Journal: Trinity Journal
Volume: TRINJ 10:1 (Spring 1989)
Article: Moses And Christ — The Place Of Law In Seventeenth-Century Puritanism
Author: Mark W. Karlberg


Moses And Christ — The Place Of Law
In Seventeenth-Century Puritanism*

Mark W. Karlberg

WARMINSTER, PENNSYLVANIA

The era of Puritanism has long been past, yet the theological and moral issues which the Puritans debated remain with us. The seventeenth and eighteenth centuries marked the period of Puritanism’s religious and cultural dominance in England and America. Though clearly a demonstration of the powerful working of the Spirit of God in that period of the church’s history subsequent to the formative age of the Protestant Reformation, it was not without its failures and limitations. Of no minor significance were the numerous misunderstandings concerning the doctrine of the moral law (summed up in the Decalogue) entertained by various factions within Puritanism itself. But the eventual passing of Puritanism from the scene could hardly be attributed to a lack of inner strength and vitality.1 Its demise was more directly the result of the spread of Enlightenment thought in the second half of the eighteenth century. The challenge of modernity in society at large proved too difficult to surmount. By the nineteenth century the impact of Reformed orthodoxy in society and culture was significantly reduced. Granted the positive contributions and the enduring values of Puritanism, historical investigation requires critical, though sympathetic, assessment of the movement. As a study in the history of ideas this present essay relates Puritan theology to the broader social and political concerns of the day. In so doing, we are acknowledging the fact that Puritan theology and society are part of one seamless fabric.

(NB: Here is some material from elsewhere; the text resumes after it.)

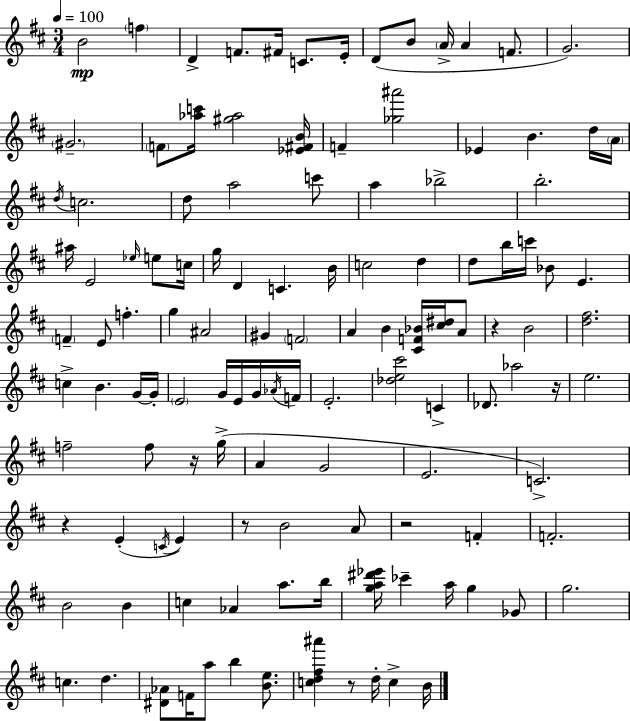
B4/h F5/q D4/q F4/e. F#4/s C4/e. E4/s D4/e B4/e A4/s A4/q F4/e. G4/h. G#4/h. F4/e [Ab5,C6]/s [G#5,Ab5]/h [Eb4,F#4,B4]/s F4/q [Gb5,A#6]/h Eb4/q B4/q. D5/s A4/s D5/s C5/h. D5/e A5/h C6/e A5/q Bb5/h B5/h. A#5/s E4/h Eb5/s E5/e C5/s G5/s D4/q C4/q. B4/s C5/h D5/q D5/e B5/s C6/s Bb4/e E4/q. F4/q E4/e F5/q. G5/q A#4/h G#4/q F4/h A4/q B4/q [C#4,F4,Bb4]/s [C#5,D#5]/s A4/e R/q B4/h [D5,F#5]/h. C5/q B4/q. G4/s G4/s E4/h G4/s E4/s G4/s Ab4/s F4/s E4/h. [Db5,E5,C#6]/h C4/q Db4/e. Ab5/h R/s E5/h. F5/h F5/e R/s G5/s A4/q G4/h E4/h. C4/h. R/q E4/q C4/s E4/q R/e B4/h A4/e R/h F4/q F4/h. B4/h B4/q C5/q Ab4/q A5/e. B5/s [G5,A5,D#6,Eb6]/s CES6/q A5/s G5/q Gb4/e G5/h. C5/q. D5/q. [D#4,Ab4]/e F4/s A5/e B5/q [B4,E5]/e. [C5,D5,F#5,A#6]/q R/e D5/s C5/q B4/s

*Some grammatical and spelling changes have been made in the quotations from the early Puritan writings. For the sake of uniformity, the terminology “Covenant of Works” and “Covenant of Grace” have been capitalized throughout.

Puritan doctrine was essentially Calvinistic. In the several diverse ecclesiastical traditions — anglican, presbyterian, independent, baptist, and methodist2 — there was a shared commitment to Calvinistic soteriology, notably adherence to the doctrines of sovereign, decretive election and saving faith as God’s gift of grace that is unmerited and irresistible. (The Reformed understanding of salvation is concisely summed up in the Canons of Dort, formulated in 1619.)